The majority of the models score close to 50 out of 100 points, and none higher than 53/100. Based on the different score components (Table 2) the exact nature of the mismatch with observations is different for each model. For example, MRI ESM2 scores the highest on the correlation with the LSW time series, but also has a low amplitude for the LSW maximum, too much variability below the LSW layer, and the weakest mean gas exchange. Conversely, the NCAR CESM2 model does well for the amplitude of the maximum and the mean gas exchange, but the correlation with the observational time series is weaker.

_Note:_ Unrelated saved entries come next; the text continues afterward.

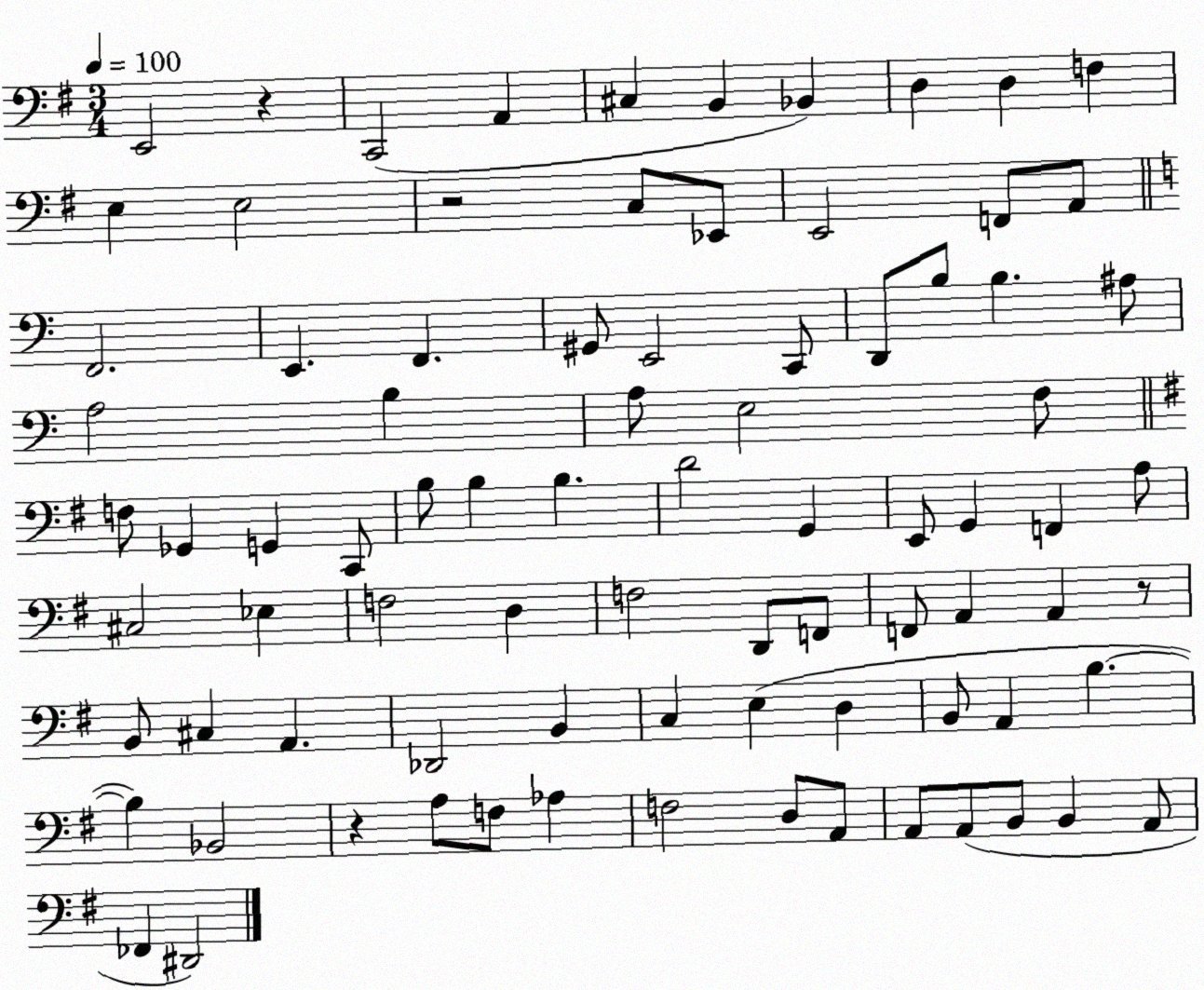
X:1
T:Untitled
M:3/4
L:1/4
K:G
E,,2 z C,,2 A,, ^C, B,, _B,, D, D, F, E, E,2 z2 C,/2 _E,,/2 E,,2 F,,/2 A,,/2 F,,2 E,, F,, ^G,,/2 E,,2 C,,/2 D,,/2 B,/2 B, ^A,/2 A,2 B, A,/2 E,2 F,/2 F,/2 _G,, G,, C,,/2 B,/2 B, B, D2 G,, E,,/2 G,, F,, A,/2 ^C,2 _E, F,2 D, F,2 D,,/2 F,,/2 F,,/2 A,, A,, z/2 B,,/2 ^C, A,, _D,,2 B,, C, E, D, B,,/2 A,, B, B, _B,,2 z A,/2 F,/2 _A, F,2 D,/2 A,,/2 A,,/2 A,,/2 B,,/2 B,, A,,/2 _F,, ^D,,2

Using the ensemble mean of all models results in a better score than any individual model, consistent with the expectation that the mean of an ensemble of models generally is closer to the “true” signal than individual members (Collins et al., 2014). However, even the ensemble mean only achieves a score of 57, with shortcomings evident particularly in the amplitude of the oxygen inventory maximum and the mean gas exchange.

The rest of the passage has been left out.